First Amendment
and Other Legal Considerations
All 50 States, the District of Columbia, and the federal government have
passed laws that criminalize stalking to address the serious harms and dangers that
result from stalking, including the fear of violence and loss of privacy and
control suffered by the victim. In addition to the direct harms caused by
stalking, stalking is also frequently a precursor to physical violence against
the victim. By its nature, however, stalking is not a crime that can be defined
with a particularized, discrete set of acts. Frequently stalking consists of a
course of conduct that may involve a broad range of harassing, intimidating,
and threatening behavior directed at a victim. The conduct can be as varied as
the stalker's imagination and ability to take actions that harass, threaten,
and force himself or herself into the life and consciousness of the victim. As
new technologies become available, stalkers adapt those technologies to new
ways of stalking victims, as is the case with the Internet and
cyberstalking.
As a result of the breadth of conduct potentially involved in stalking,
anti-stalking statutes need to be relatively broad to be effective. At the same
time, however, because of that breadth and because stalking can involve
expressive conduct and speech, anti-stalking statutes must be carefully
formulated and enforced so as not to impinge upon speech that is protected by
the First Amendment. This is particularly true with regard to cyberstalking
laws, which frequently will involve speech over the Internet. The Internet,
moreover, has been recognized as an important tool for protected speech
activities. See, e.g., Reno v. American Civil Liberties Union, 521 U.S. 844,
850-52, 870 (1997); American Civil Liberties Union v. Reno, 31 F.Supp.2d 473,
476, 493 (E.D. Pa. 1999).
The fact that stalking behavior (including cyberstalking) may implicate
important issues of free speech, however, does not eliminate the significant public
interest in its criminal regulation or suggest that any criminal regulation
would be prohibited by the freedom of speech guarantees of the First Amendment.

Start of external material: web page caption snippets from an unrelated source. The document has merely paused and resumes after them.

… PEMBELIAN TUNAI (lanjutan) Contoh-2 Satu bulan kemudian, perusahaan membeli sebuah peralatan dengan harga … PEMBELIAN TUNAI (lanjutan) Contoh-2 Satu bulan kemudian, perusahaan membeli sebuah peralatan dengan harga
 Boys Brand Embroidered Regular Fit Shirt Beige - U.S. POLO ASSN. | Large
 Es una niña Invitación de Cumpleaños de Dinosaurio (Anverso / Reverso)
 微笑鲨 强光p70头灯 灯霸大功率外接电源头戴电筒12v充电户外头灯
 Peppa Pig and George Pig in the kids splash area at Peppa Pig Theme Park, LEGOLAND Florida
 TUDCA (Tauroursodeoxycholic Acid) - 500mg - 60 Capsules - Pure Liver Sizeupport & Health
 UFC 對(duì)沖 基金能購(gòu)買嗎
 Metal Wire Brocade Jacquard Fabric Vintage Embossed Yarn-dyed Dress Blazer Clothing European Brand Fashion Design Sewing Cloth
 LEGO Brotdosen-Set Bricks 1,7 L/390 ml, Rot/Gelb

The First Amendment does not prohibit any and all regulation that may involve
or have an impact on speech. Of particular relevance to stalking, the Supreme
Court has recognized that governments may criminalize true threats without
violating the First Amendment. See, e.g., Watts v. United States, 394 U.S. 705
(1969) (per curiam). As discussed in the Introduction of this report, stalking
(as well as cyberstalking) generally involves conduct reasonably understood to
constitute a threat of violence, and such threats may be criminalized
consistent with the First Amendment.